Quando o óleo é extraído de plataformas em alto-mar e precisa ser transportado para terra, é necessário o uso de um navio especial, com posicionamento dinâmico. Trata-se de um equipamento que oferece estabilidade à embarcação, para que ela fique parada e possa receber o petróleo em seus tanques. O uso dessa aparelhagem, porém, encarece o frete do navio. Por isso, a tendência dos transportadores é, o quanto antes, transferir esse óleo para uma embarcação comum.
A operação pode ser feita no porto mais próximo, com os dois navios parados em um ambiente seguro, ou em mar aberto, com os dois navios em movimento. Nesse caso, a manobra é um pouco mais arriscada.
Números
Dados da Marinha do Brasil e das empresas petrolíferas mostram que em 2018 o equivalente a 77 milhões de barris de óleo foram exportados por meio de operações “ship to ship”. Este ano, somente até setembro, o volume já chega a 69 milhões de barris. Os números são referentes apenas a operações realizadas na costa de São Paulo, onde são autorizadas. No Brasil, os procedimentos técnicos e administrativos para obtenção de uma autorização ambiental para esse tipo de operação foram regulamentados pelo Ibama em 2013. Também é necessário o aval da Marinha, que define a área onde as atividades podem ser realizadas.
Quando ocorrem nos portos, as transferências são consideradas mais seguras. Mesmo em caso de acidente, há mais condições de correção imediata. Em mar aberto, há fatores de risco adicionais, como condições climáticas adversas, rompimento das mangueiras de conexão entre os navios e limitação da capacidade de resposta a eventuais acidentes.
E há ainda a hipótese mais provável no caso de acidente: operações irregulares, feitas por navios fantasmas – que estão fora dos radares. “A operação ‘ship to ship’ é comum, normalmente feita em áreas específicas, com as devidas autorizações”, explicou o engenheiro naval Floriano Pires, do Instituto Alberto Luiz Coimbra de Pós-Graduação e Pesquisa de Engenharia da Universidade Federal do Rio de Janeiro (Coppe/UFRJ). “Pode haver um vazamento? Pode. Mas o sistema tem redundâncias e controles. Seria incomum numa operação ‘ship to ship’ normal um vazamento de óleo tão grande. Teria de ser uma operação irregular, clandestina, sem o mínimo de cuidado.”

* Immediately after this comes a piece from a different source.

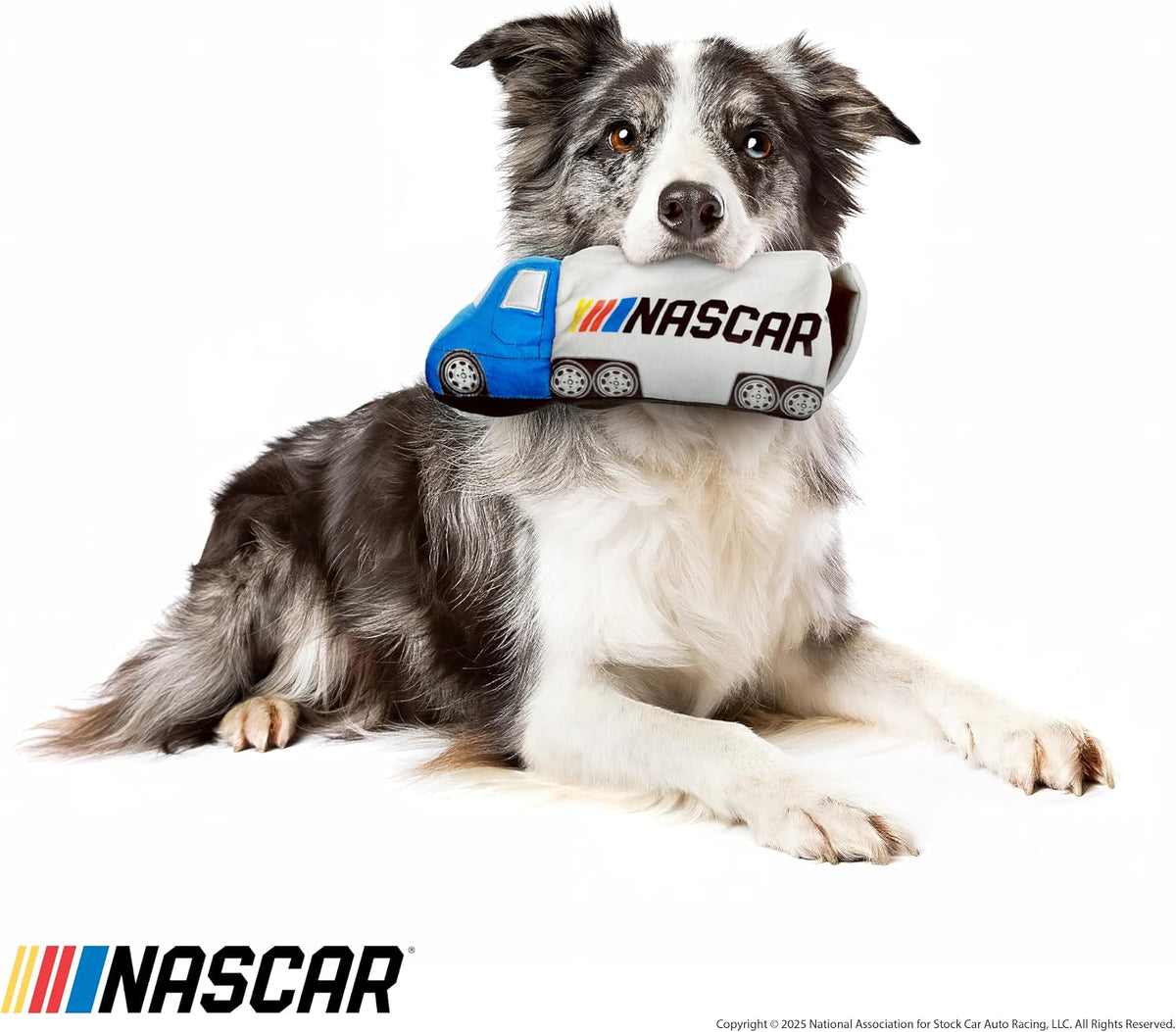 NASCAR Semi Truck and Race Car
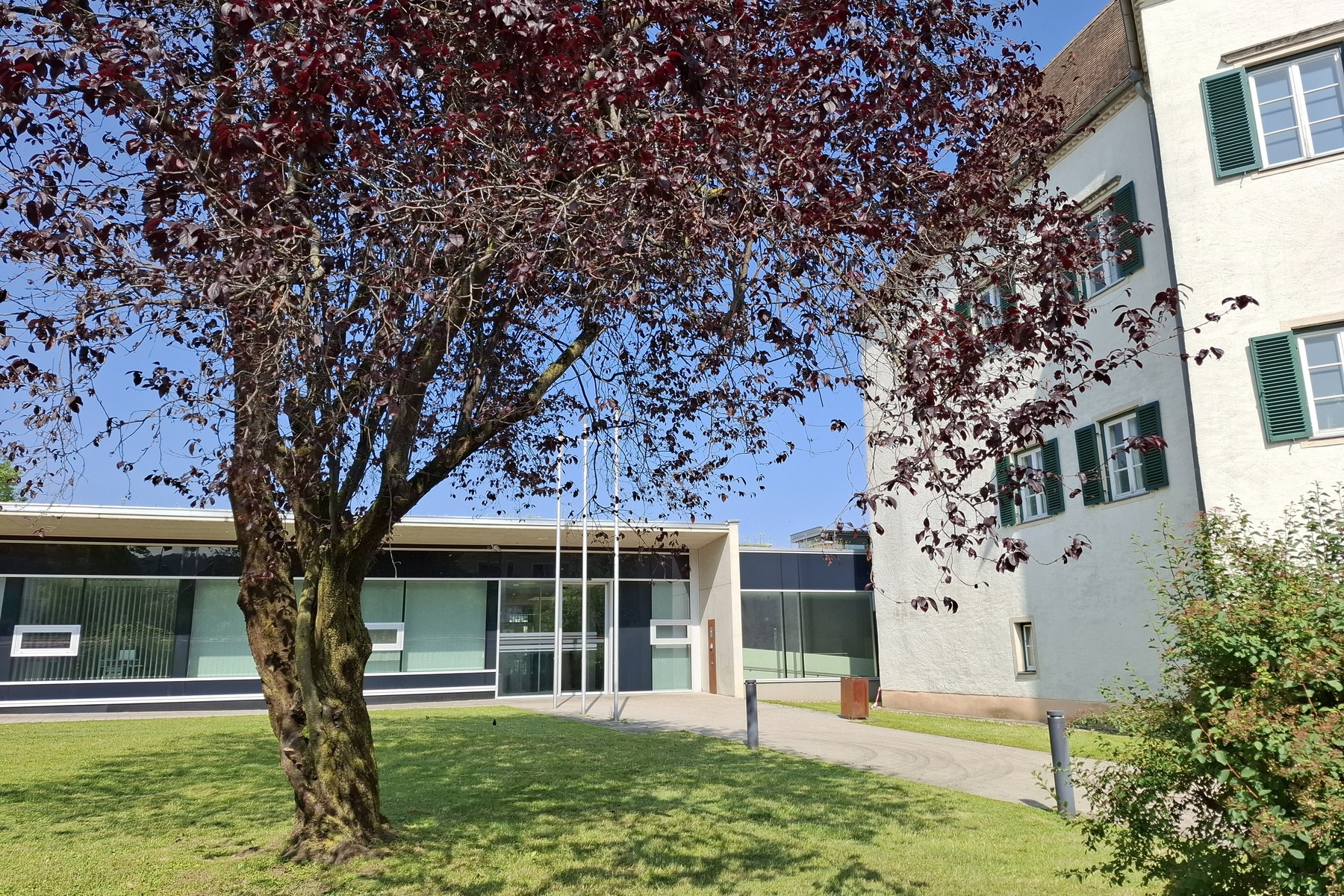 Eskalation eines Gesprächs: Flexible Hilfe: „Er hat seinen Sohn nicht geschlagen, sondern zusammengeschlagen“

A engenheira naval Gabriela Timmerman, especialista em “ship to ship”, dona da consultoria Iskra, concorda com o colega. “A operação tem diversos mecanismos de segurança e, se houver um vazamento, ela é automaticamente interrompida”, explicou. “Para um vazamento desse volume, o mais provável é que tenha havido algum outro problema, como uma avaria grave de casco ou uma explosão dentro do navio.” As informações são do jornal O Estado de S. Paulo.